Where Do We Go Now?

Back before Axl Rose and Slash hated each other’s guts, they were pretty successful in this little band called Guns N’ Roses.  When they were recording Sweet Child O’ Mine, which would go on to be a big hit, the producer threw the band a curveball.  He wanted a breakdown toward the end of the song.  The only problem is the band had no idea what direction to go.  So they decided to wing it, leading to the otherwise meaningless repetitions of a simple question: Where do we go now?

Just one week ago, WWE gave its fans something they’ve spent years begging for.  The WWE championship and the World Heavyweight championship are unified once again, and there is but one WWE World Heavyweight Champion.  Granted, WWE hot-shotted the angle in spectacular fashion, but we got exactly what we wanted, right?

Well, for the most part, yes.  But there’s a big problem that WWE creative has yet to deal with.  It’s a good problem, but a problem nonetheless.  There are an awful lot of main event players (not including your buddy and mine, Brodus Clay) who will have nothing to do.

Right now, John Cena and Randy Orton are clearly at the top of the show, battling for the #1 prize in professional wrestling.  The Big Show, Daniel Bryan and CM Punk are on the outskirts of the title picture.

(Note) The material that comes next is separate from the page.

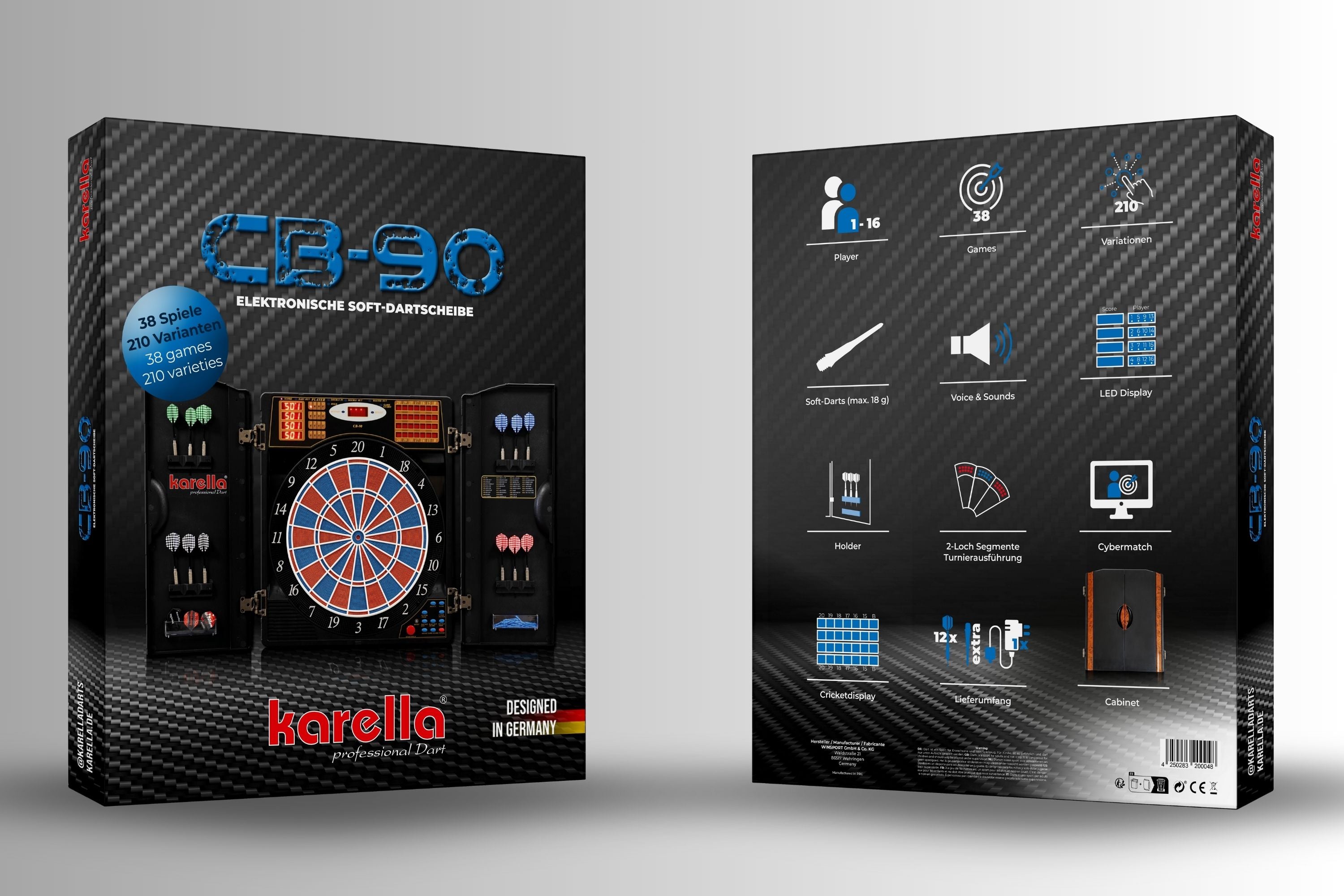 Karella - Dartautomat - CB-90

But what about Alberto del Rio?  Rey Mysterio?  Cody, after the Goldust split? Ryback, if he ever gets his heat back?  How about Sheamus, who has pretty much been in the World title picture since he hit the main roster?  WHAT ABOUT ME? WHAT ABOUT RAVEN? …Sorry.

For those of you not picking up what I’m putting down, WWE has a lot of top-tier talent, and not everyone can be at the top of the show.  Some folks, like del Rio, are destined for the Intercontinental title hunt, and that’s fine.  Some will end up in the tag title scene, for better or worse, and probably to the detriment of actual tag teams.  But some guys, like Sheamus, Dolph Ziggler and The Miz are going to find themselves…just there.


WWE needs to give these guys incentive to make their matches matter, even when they’re not fighting for the title, or even a title shot.  Now of course, solid storylines and angles will get matches over, and give guys reason to fight.  But eventually, they’re going to need to work toward the title.  But how?

In situations like this one, fans will often propose a rankings system.  In a perfect world, it works perfectly, but this world is far from perfect.  Guys get hurt.  Guys don’t get over.  Maybe your rankings don’t work out to the matches you need to present.  Maybe your rankings system turns into the Bound for Glory series which always starts so well, but ends with everyone asking “so what was the point?”

So where do we go now?  I don’t know, and I won’t pretend that I do.  For now, I’ll remain cautiously optimistic that there’s a plan in place, a strategy to use moving forward.

If not, I imagine GNR getting a lot of regular play in the writers’ room.